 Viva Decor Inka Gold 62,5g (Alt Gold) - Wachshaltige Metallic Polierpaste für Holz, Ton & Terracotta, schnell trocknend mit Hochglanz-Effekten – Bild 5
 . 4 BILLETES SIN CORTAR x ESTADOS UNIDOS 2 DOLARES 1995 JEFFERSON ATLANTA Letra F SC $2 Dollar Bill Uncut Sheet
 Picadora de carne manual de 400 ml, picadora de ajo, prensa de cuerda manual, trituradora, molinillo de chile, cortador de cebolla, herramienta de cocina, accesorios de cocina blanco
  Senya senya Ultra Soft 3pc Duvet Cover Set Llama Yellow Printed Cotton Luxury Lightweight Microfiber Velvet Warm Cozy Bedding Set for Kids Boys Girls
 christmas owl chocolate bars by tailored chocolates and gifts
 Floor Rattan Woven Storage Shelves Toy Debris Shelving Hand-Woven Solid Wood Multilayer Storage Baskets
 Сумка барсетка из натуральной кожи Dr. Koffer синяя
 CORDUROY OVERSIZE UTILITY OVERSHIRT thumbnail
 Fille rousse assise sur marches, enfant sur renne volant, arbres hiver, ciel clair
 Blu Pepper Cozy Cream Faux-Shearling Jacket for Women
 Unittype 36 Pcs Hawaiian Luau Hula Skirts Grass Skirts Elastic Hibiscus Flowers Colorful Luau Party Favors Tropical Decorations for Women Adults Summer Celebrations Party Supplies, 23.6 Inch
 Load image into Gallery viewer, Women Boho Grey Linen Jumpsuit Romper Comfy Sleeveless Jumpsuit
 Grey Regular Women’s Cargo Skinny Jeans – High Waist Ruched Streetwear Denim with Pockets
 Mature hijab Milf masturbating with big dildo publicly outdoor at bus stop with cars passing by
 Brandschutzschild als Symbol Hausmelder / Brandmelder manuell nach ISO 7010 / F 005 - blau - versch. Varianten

********

• _What to do_: Copy exactly, with no other lines, the stretch of the material that begins at the line containing "Grey Regular Women’s" and ends at its last line.

• _Task output_:
 Grey Regular Women’s Cargo Skinny Jeans – High Waist Ruched Streetwear Denim with Pockets
 Mature hijab Milf masturbating with big dildo publicly outdoor at bus stop with cars passing by
 Brandschutzschild als Symbol Hausmelder / Brandmelder manuell nach ISO 7010 / F 005 - blau - versch. Varianten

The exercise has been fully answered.